[[ RECORDED INFORMATION, beginning ]]

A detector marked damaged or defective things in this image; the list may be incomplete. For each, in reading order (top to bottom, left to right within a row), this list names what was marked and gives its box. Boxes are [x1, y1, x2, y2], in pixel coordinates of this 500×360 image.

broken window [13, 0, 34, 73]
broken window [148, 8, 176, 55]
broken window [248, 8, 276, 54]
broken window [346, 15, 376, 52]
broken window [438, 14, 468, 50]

[[ RECORDED INFORMATION, end ]]

**TO DO:** What is wanted is an exact copy of the data.

**RESPONSE TO THE TASK:**
A detector marked damaged or defective things in this image; the list may be incomplete. For each, in reading order (top to bottom, left to right within a row), this list names what was marked and gives its box. Boxes are [x1, y1, x2, y2], in pixel coordinates of this 500×360 image.

broken window [13, 0, 34, 73]
broken window [148, 8, 176, 55]
broken window [248, 8, 276, 54]
broken window [346, 15, 376, 52]
broken window [438, 14, 468, 50]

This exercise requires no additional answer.